STATSML 604: Data Exploration for Customer AI in Real-Time Customer Data Platform

Last updated 4 months ago

Prerequisites

Hello World Query

Before we proceed, this is how the demo_data_intelligent_services_demo_midvalues look from an ingestion point of view:

Note that this dataset has not been enabled for Real-Time Customer Profile, meaning it is not being ingested into the profile.

This is how the schema looks:

Run the following on the Experience Event dataset, ensuring it adheres to either the Adobe Analytics Schema or the Consumer Event Schema. Keep in mind that Customer AI automatically generates features using standard field groups.

SELECT * FROM demo_data_intelligent_services_demo_midvalues;

Your result should look something like this:

To get the JSON structure of the output use:

SELECT to_json(STRUCT(*)) AS json_output
FROM demo_data_intelligent_services_demo_midvalues
LIMIT 1;

Accessing the Standard Field Groups Used in Customer AI

Customer AI uses standard field groups to automatically generate features such as recency, frequency, and engagement metrics without manual intervention. In addition to these standard field groups, custom events can be incorporated for advanced customization, allowing for more tailored insights. While it is not necessary for the data to include all field groups, having relevant ones significantly enhances model performance.

Standard Field Group
Event Types
Common Fields
Description

Commerce

Purchases, Product Views, Checkouts

productListItems.SKU, commerce.order.purchaseID, commerce.purchases.value

Captures transaction-related data for commerce activities.

Web

Web Visits, Page Views, Link Clicks

web.webPageDetails.name, web.webInteraction.linkClicks.value

Tracks website interactions and user behaviors online.

Application

App Installs, Launches, Feature Usage

application.name, application.installs.value, application.featureUsages.value

Focuses on mobile or desktop application interactions.

Search

Search Queries

search.keywords

Logs search behavior and keywords used by customers.

Profile Attributes

Customer Demographics, Preferences

person.name, person.gender, person.birthDate

Provides demographic and user profile information.

Device

Device Details

device.type, device.operatingSystem.name

Identifies devices used by the customer during interactions.

IdentityMap

Identity Resolution

identityMap.ECID.id, identityMap.AAID.id

Links different identifiers for a unified customer view.

Experience Event Metadata

Metadata Tracking

timestamp, channel, environment

Provides contextual metadata about customer events.

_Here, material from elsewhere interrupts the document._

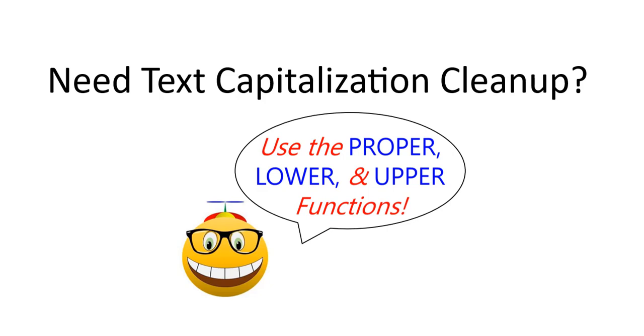Welcome to Spreadsheet Geek. Did you ever end up in a situation where you have a worksheet filled with different text formats?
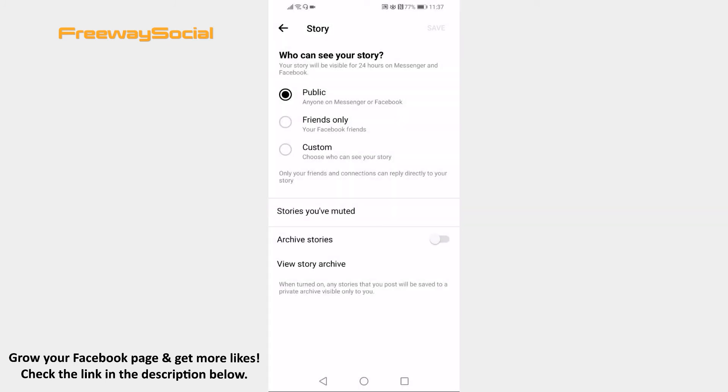That's how you do it! I hope this guide was helpful and you were able to make story visible to everyone on Messenger app. Don't forget to like this video and visit us at FreewaySocial.com.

You can access the standard fields by executing the following:

SELECT to_json(web) AS web_json
FROM demo_data_intelligent_services_demo_midvalues
LIMIT 1;
SELECT to_json(productListItems) AS productListItems_json
FROM demo_data_intelligent_services_demo_midvalues
LIMIT 1;
SELECT to_json(commerce) AS commerce_json
FROM demo_data_intelligent_services_demo_midvalues
LIMIT 1;
SELECT to_json(application) AS application_json
FROM demo_data_intelligent_services_demo_midvalues
LIMIT 1;
SELECT to_json(search) AS search_json
FROM demo_data_intelligent_services_demo_midvalues
LIMIT 1;

Flattening Standard Fields

First try running something like this, a template that has all the fields:

SELECT
    -- Web Interaction Details
    web.webPageDetails.name AS page_name,
    web.webInteraction.linkClicks.value AS link_clicks,

    -- Commerce Details
    commerce.purchases.value AS purchase_value,
    commerce.order.purchaseID AS purchase_id,
    commerce.checkouts.value AS checkout_value,
    commerce.productListViews.value AS product_list_views,
    commerce.productListOpens.value AS product_list_opens,
    commerce.productListRemovals.value AS product_list_removals,
    commerce.productViews.value AS product_views,
    productListItems.SKU AS product_sku,

    -- Application Details
    application.name AS application_name,
    application.applicationCloses.value AS app_closes,
    application.crashes.value AS app_crashes,
    application.featureUsages.value AS feature_usages,
    application.firstLaunches.value AS first_launches,

    -- Search Information
    search.keywords AS search_keywords,

    -- Event Metadata
    meta.intendedToExtend AS intended_to_extend,

    -- Time Period
    startDate,
    endDate

FROM
    demo_data_intelligent_services_demo_midvalues;

In my case, I will get an error that says:

The error message:

ErrorCode: 42601 ... no viable alternative at input 'commerce.order'

This suggests that commerce.order doesn't exist. The key part to notice is no viable alternative at input 'commerce.order'

Another error message that you will get which is also indicative of the same error is:

ErrorCode: 08P01 queryId: 83370942-ffd7-4aa3-9f54-22b1edd06c56 Unknown error encountered. Reason: [[UNRESOLVED_COLUMN.WITH_SUGGESTION] A column or function parameter with name `meta`.`intendedtoextend` cannot be resolved. Did you mean one of the following? [`demo_data_intelligent_services_demo_midvalues`.`_id`, `demo_data_intelligent_services_demo_midvalues`.`web`, `demo_data_intelligent_services_demo_midvalues`.`media`, `demo_data_intelligent_services_demo_midvalues`.`device`, `demo_data_intelligent_services_demo_midvalues`.`search`].; line 12 pos 2; 'GlobalLimit 50000 +- 'LocalLimit 50000 +- 'Project [web#503298.webpagedetails

This pattern will repeat for each missing column if you keep removing or commenting them manually.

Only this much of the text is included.